Foundations of Social Science
Tentative Study Guide for Exam Two
What is the term that specifies a concept in a manner that renders it measurable? What is the term that specifies what we mean when we use a particular term? What is the difference between conceptualization and operationalization? What have we achieved when our measure measures what it is designed to measure? What is the difference between reliability and validity? What is the type of validity based on the ability of a researcher to predict the behavior of the dependent variable? What are other types of validity? What are the different levels of measurement? What are the differences between them?
What do we call variables that have no obvious single indicator? What are the different types of composite measures? What is the type of composite measure that assigns values based on patterns of responses and assumes that some measures of a concept indicate more of that concept than other measures? What are other types of scales? What is the difference between indices and scales, according to Babbie? Why do we use indices and scales? Which types of scales ask respondents to choose between two opposite positions using qualifiers to bridge the distance between the two opposites? What is the basic method of factor analysis? Why do we use factor analysis?
Know the types of probability and nonprobability sampling strategies. What is the chief difference between descriptive and inferential statistics? Parameter is to population what statistic is to what? What is the basic principle behind probability sampling? What is the list of elements from which a probability sample is drawn? What are the other terms associated with populations and samples? What is the difference between a parameter and a statistic?

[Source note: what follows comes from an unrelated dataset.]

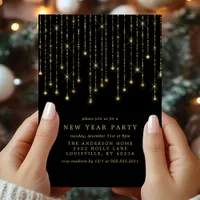 Gold String Lights Chic Black New Years Eve Party Invitation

What is correlation? What does a positive correlation tell us? What about a negative correlation? What are some of the ways of determining causation? What are the four methods covered in class attributed to John Stuart Mill? What are the core elements of the classic experimental condition? What are the advantages to experimental methods? What are some of the drawbacks? What is internal and external validity? What is a double-blind study? What is the difference between matching and randomization? Given certain conditions, which is preferred and why? What is a control group?

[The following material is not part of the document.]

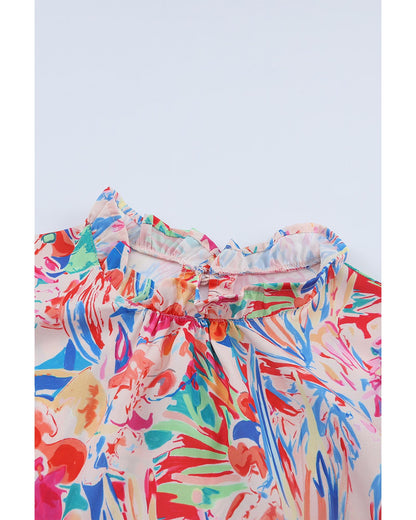 Azura Exchange Abstract Striped Patchwork Ruffled Blouse - L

Know the types of evaluation research? The objective/quantitative scientific approach is the most common. What are some other types? Needs assessment is one kind of assessment, and it is often the first part of a more comprehensive assessment project. What are some of the other types of assessment and where do the fit in to the larger assessment project? What is formative evaluation? What is summative or impact evaluation? What is the planning evaluation cycle? What is the response variable?
According to Babbie, why do we do survey research? What is the type of question in which the respondent next goes to another later question based on her answer is called what? In constructing a questionnaire, what are question formats to be avoided? According to Babbie, do face-to-face interviews have any advantage over self-administered surveys? What is an adequate response rate for a mail distributed self-administered survey, according to Babbie?
Of the observer roles, the only one that potentially leaves a social situation unaffected by the researcher is the complete observer. What are other observer roles? What is reactivity? In the method of ethnomethodology, experiments are used to test hypotheses about the tenacity of the social order. What are these experiments called? Of the qualitative methods, content analysis relies most heavily on recorded human communications. What are other the other major qualitative research methods? What is the difference between obtrusive and unobtrusive methods? According to Skocpol, among the three logics of comparative history, the method of contrast of context is least associated with causal analysis. What are the other logics of comparative history? Which among them represent the method found in multivariate statistical analysis. Who is John Stuart Mill? What were his methods?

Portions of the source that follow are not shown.